Tatsächliches Geschehen bleibt ungewiss
In welche Richtung sich die Verkaufszahlen für 2021 entwickeln, werden wirklich zuverlässig wohl dennoch nur die Statistiken der Industrieverbände in den jeweiligen Ländern widerspiegeln. Die „European Cargo Bike Industry Survey“ kann dies jedenfalls nicht leisten. Sie ist eher als Stimmungsbarometer zu interpretieren, denn als valide wissenschaftliche Prognose und bildet vielmehr Wachstumserwartungen ab. Wie erwähnt, haben lediglich 38 Lastenrad-Hersteller an der anonymen Online-Umfrage von Mai bis Juni dieses Jahres mitgemacht. Mit 14 Firmen stammte die größte Fraktion darunter aus Deutschland. Immerhin sechs haben ihren Sitz in den Niederlanden und vier in Frankreich. Neben zwölf Herstellern aus weiteren europäischen Ländern nahmen auch zwei aus Asien teil. Initiiert wurde die bereits zweite Ausgabe der Umfrage vom Blog cargobike.jetzt, dem europäischen Radfahrerverband ECF, dem europäischen Fahrradindustrieverband CIE, dem europäischen Fahrrad-Logistik-Verband ECLF sowie der Technischen Universität Krakau. Die Befragung unterscheidet nicht zwischen der privaten und gewerblichen Nutzung eines Fahrrades.

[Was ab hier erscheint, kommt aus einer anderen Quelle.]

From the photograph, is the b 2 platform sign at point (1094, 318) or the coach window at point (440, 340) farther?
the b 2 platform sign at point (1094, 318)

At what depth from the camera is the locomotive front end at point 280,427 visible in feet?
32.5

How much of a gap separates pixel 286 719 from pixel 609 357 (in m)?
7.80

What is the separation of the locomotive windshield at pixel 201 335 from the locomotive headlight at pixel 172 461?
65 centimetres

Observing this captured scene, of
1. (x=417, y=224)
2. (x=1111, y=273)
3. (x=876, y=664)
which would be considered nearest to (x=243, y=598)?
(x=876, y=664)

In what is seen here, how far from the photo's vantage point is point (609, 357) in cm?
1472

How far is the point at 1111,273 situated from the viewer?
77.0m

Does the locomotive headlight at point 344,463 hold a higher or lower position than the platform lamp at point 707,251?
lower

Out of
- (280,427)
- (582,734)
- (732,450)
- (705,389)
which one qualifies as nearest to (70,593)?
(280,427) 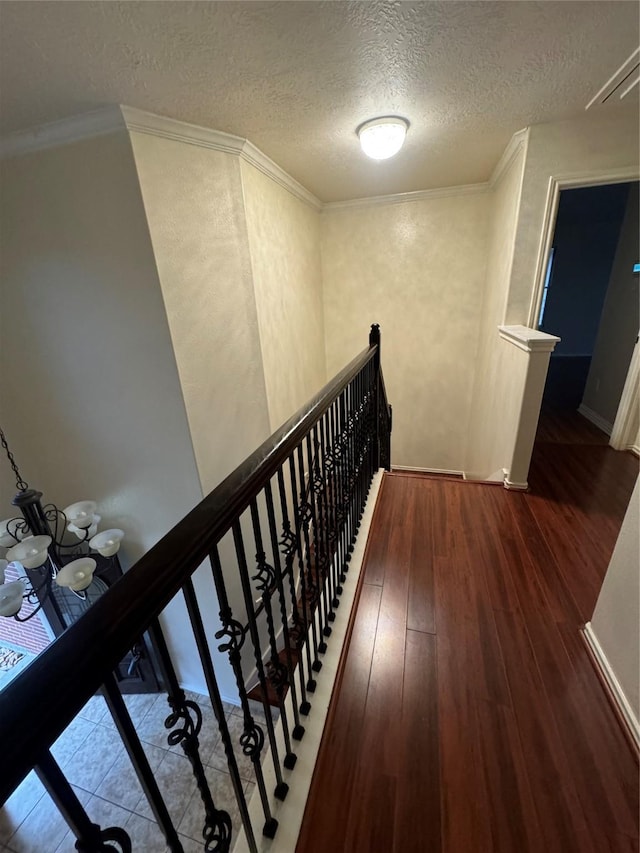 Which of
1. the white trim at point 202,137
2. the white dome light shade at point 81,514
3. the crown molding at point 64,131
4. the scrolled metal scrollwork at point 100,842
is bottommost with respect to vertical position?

Zum jetzigen Zeitpunkt ist eine verlässliche Vorhersage für Deutschland gleichfalls schwierig. Aufgrund der Verkaufszahlen aus dem ersten Halbjahr erwartet der Zweirad-Industrie-Verband ZIV erneut ein starkes Jahr. Aufgrund der weiterhin sehr angespannten Verfügbarkeit von verschiedenen Fahrradkomponenten könnten jedoch etwas weniger E-Bikes verkauft werden als 2020. Im Sommer schätzt der ZIV schätzte den möglichen Rückgang auf 2,6 Prozent.